Segment Start: Supplied data

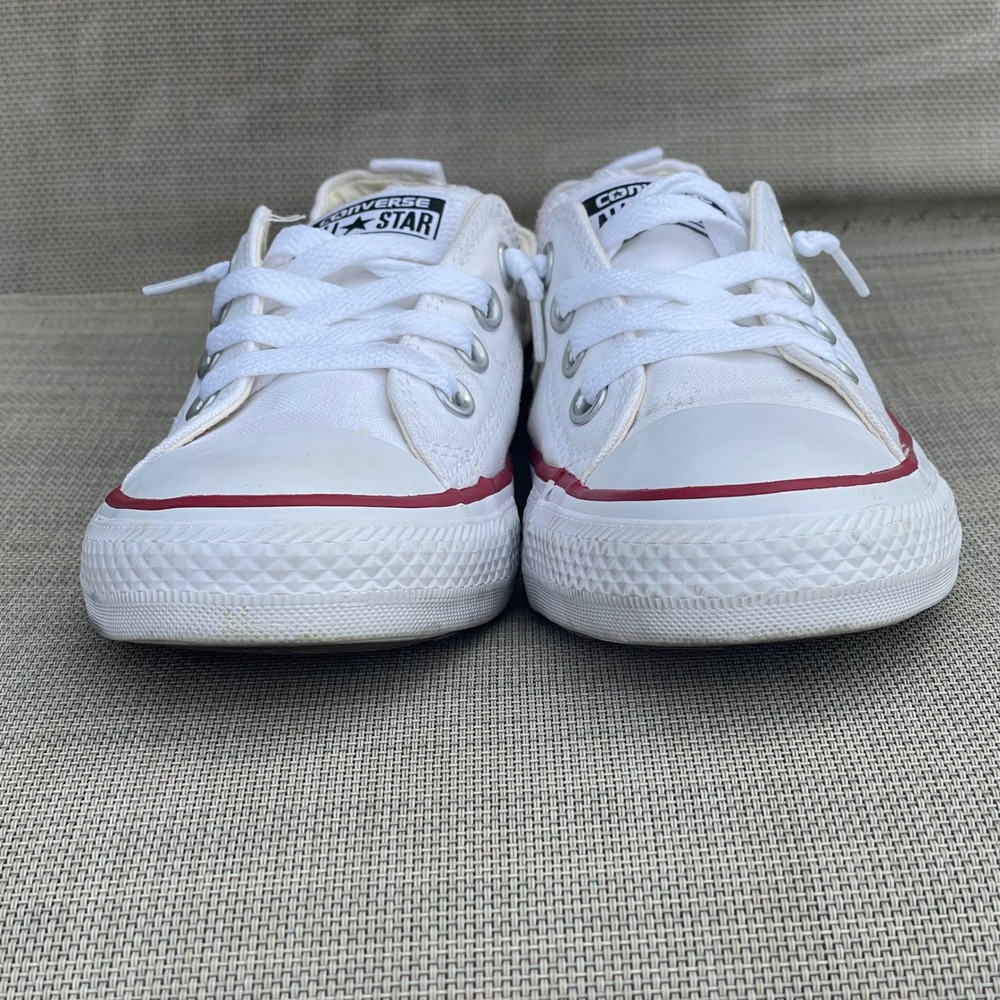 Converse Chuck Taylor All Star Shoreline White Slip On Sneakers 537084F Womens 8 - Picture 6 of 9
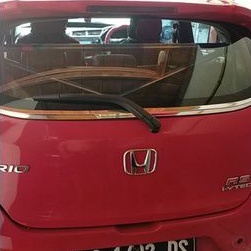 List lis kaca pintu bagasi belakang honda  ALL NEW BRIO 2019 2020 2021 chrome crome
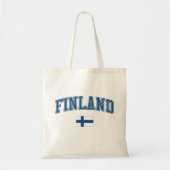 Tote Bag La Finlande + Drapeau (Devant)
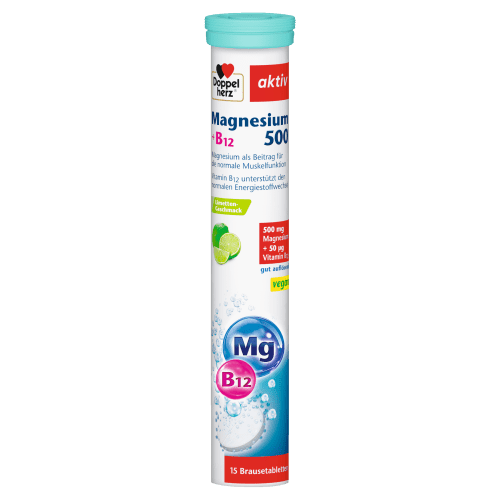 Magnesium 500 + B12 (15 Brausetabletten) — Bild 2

Segment End: Supplied data

## Description of the task
Make an exact copy of the whole listing, but don't bring over any pictures.

## Written solution
 Converse Chuck Taylor All Star Shoreline White Slip On Sneakers 537084F Womens 8 - Picture 6 of 9
 List lis kaca pintu bagasi belakang honda  ALL NEW BRIO 2019 2020 2021 chrome crome
 Tote Bag La Finlande + Drapeau (Devant)
 Magnesium 500 + B12 (15 Brausetabletten) — Bild 2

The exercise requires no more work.